Schedule:
Tuesday, May 31, 2016
Pacific D/L (Hyatt Regency San Francisco)
* noted as presenting author
Matthew Tyburski, PhD, Researcher, National Institute on Drug Abuse Intramural Research Program, Baltimore, MD
Karran A Phillips, MD, Medical Director, National Institute on Drug Abuse Intramural Research Program, Baltimore, MD
C. Debra Michelle Furr-Holden, PhD, Associate Professor, Johns Hopkins University, Baltimore, MD
Adam J Milam, PhD, Medical Student, Wayne State University, Detroit, MI
Massoud Vahabzadeh, PhD, Section Chief, National Institute on Drug Abuse Intramural Research Program, Baltimore, MD
Mustapha Mezghanni, MS, Researcher, National Institute on Drug Abuse Intramural Research Program, Baltimore, MD
Jia-Ling Lin, PhD, Researcher, National Institute on Drug Abuse Intramural Research Program, Baltimore, MD
David H. Epstein, PhD, Researcher, National Institute on Drug Abuse Intramural Research Program, Baltimore, MD
Kenzie L. Preston, PhD, Branch Chief, National Institute on Drug Abuse Intramural Research Program, Baltimore, MD
Some behaviors are better to prevent than to have to treat in their aftermath. Examples include manic episodes, disordered eating, and suicide attempts—each of which has been the focus of scientific efforts to foresee the future. In our specialty, addiction treatment, we want to prevent relapse, which has long been recognized as problem separate from, and more challenging than, persistence of ongoing drug misuse. Prior attempts to predict imminent lapse have usually focused on time scales of weeks or months, which is problematic when attempting to predict a behavior that occurs in a moment. Predicting behavior in real time would open up a world of live, just-in-time, mHealth interventions for drug lapses to relapse and other behaviors. The present study attempts to take a step towards that goal by making ambulatory predictions of mood and behavior 90 minutes into the future.

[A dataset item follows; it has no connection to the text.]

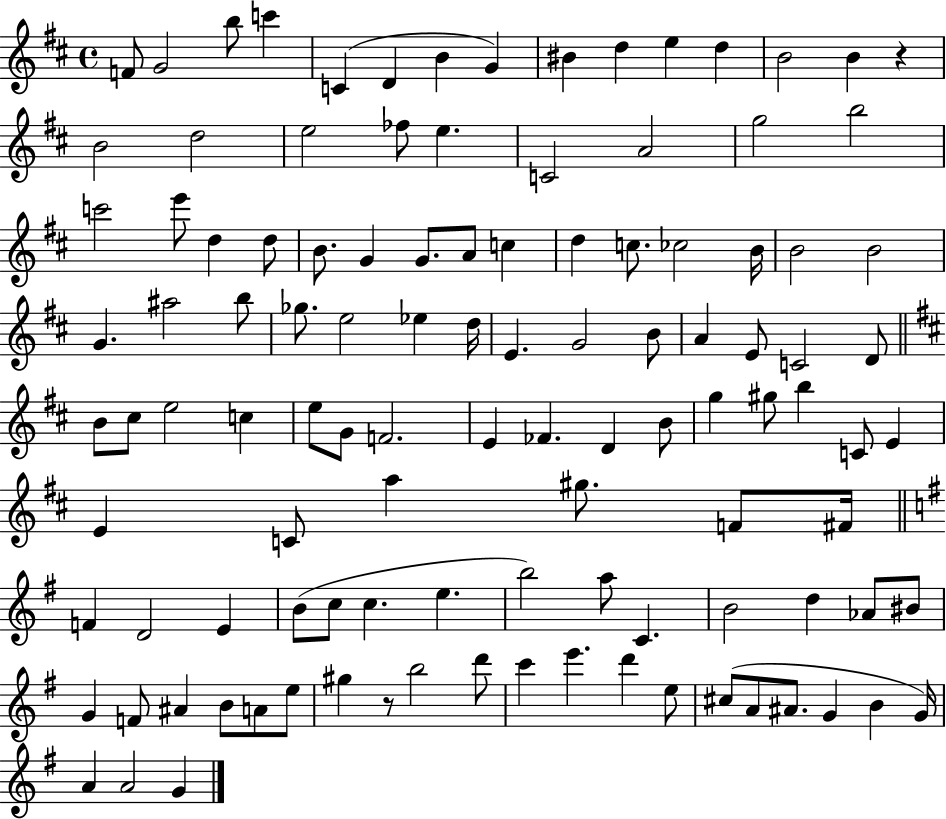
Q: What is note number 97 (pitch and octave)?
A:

In two separate pools of polydrug-using, methadone-maintained outpatients (pilot study, n = 27; main study, n = 81), we collected time-stamped GPS data and ratings of mood, stress, and drug craving over 28 weeks at randomly prompted times via ecological momentary assessment (EMA). We mapped participants’ GPS tracks for the 6.5 hours before each EMA entry. We trained randomForest machine-learning models to predict stress, mood, heroin craving, and cocaine craving 30, 60, and 90 minutes into the future. The main predictor was an independently obtained observer rating of visible neighborhood disorder (NIfETy) along the GPS tracks. In each of the two studies, we randomly reserved part of the data to validate the prediction model.
The models predicted mood, drug craving, and stress 90 minutes into the future in both the pilot and main study. In the main study, using only enviornmental data, agreement was generally at a moderate level (agreement statistics, kappa: Stress .38-0.45, Cocaine Craving .36-.55, Heroin Craving .52-.64; r: Positive Mood .71-.78, negative mood .52-.63) Adding person-level predictors increased the accuracy of the predictions to generally substantial levels (agreement statistics, kappa: Stress .43 -.52, Cocaine Craving .40-.62, Heroin Craving .61-.69; r: Positive Mood .80-.83, negative mood .59 -.68).
Tremendous advances are being made in collection and analysis of environmental and big data. Our goal is to harness these advances for precision medicine to improve the lives of patients and reduce the burdens of behavioral disorders. We succeeded in automated prediction of the immediate behavioral future by a model that could ultimately run on a smartphone. Our models perform well on group-level data—a valuable achievement in itself. But to achieve the goal of a just-in-time mHealth intervention these predictions will need to be extended to the individual level.